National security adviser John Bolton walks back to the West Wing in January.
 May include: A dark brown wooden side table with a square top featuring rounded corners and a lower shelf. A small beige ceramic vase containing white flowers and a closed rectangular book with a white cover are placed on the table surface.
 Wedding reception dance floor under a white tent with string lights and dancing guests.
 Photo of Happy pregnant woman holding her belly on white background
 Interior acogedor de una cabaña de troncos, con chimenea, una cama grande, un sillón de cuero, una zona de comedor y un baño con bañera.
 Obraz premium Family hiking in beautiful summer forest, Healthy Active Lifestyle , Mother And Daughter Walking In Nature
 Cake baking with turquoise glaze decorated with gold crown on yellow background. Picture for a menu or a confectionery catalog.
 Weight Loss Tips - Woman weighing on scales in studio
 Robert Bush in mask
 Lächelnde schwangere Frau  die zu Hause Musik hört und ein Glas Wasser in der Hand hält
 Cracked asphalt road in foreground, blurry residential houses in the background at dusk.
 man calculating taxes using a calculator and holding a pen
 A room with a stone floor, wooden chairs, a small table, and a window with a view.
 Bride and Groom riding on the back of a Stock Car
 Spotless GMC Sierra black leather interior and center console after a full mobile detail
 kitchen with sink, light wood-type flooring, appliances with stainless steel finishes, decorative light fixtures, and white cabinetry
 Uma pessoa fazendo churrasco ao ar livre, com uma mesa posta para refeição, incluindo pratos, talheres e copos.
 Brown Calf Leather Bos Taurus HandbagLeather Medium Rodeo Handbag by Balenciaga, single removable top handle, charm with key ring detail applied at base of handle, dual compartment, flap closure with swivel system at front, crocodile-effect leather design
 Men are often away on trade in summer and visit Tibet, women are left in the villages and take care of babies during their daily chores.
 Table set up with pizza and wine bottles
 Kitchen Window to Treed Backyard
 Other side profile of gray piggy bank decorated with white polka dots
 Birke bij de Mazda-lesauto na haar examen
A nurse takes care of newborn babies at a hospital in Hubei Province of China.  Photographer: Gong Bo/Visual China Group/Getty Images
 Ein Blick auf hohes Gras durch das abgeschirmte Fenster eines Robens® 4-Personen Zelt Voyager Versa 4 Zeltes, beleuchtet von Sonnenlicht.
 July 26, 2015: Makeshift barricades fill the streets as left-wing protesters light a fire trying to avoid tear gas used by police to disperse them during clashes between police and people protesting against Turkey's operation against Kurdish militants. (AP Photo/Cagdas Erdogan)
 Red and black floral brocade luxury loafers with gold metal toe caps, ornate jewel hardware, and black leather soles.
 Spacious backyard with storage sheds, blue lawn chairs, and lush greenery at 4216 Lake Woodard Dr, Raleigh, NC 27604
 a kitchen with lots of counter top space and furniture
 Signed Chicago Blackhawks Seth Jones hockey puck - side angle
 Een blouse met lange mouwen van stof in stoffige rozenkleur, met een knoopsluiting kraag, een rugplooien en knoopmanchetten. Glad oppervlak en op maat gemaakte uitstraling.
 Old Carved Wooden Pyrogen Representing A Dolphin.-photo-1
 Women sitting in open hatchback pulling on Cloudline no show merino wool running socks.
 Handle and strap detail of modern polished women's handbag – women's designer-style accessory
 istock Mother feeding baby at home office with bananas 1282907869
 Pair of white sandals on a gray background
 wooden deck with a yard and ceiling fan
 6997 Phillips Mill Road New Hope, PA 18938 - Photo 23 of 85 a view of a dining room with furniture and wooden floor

════════════════

# [Task instructions]
Extract, exactly, the lines above that begin at the line containing "Handle and strap" and end at the final line of the records; add no other text.

# [Exercise result]
 Handle and strap detail of modern polished women's handbag – women's designer-style accessory
 istock Mother feeding baby at home office with bananas 1282907869
 Pair of white sandals on a gray background
 wooden deck with a yard and ceiling fan
 6997 Phillips Mill Road New Hope, PA 18938 - Photo 23 of 85 a view of a dining room with furniture and wooden floor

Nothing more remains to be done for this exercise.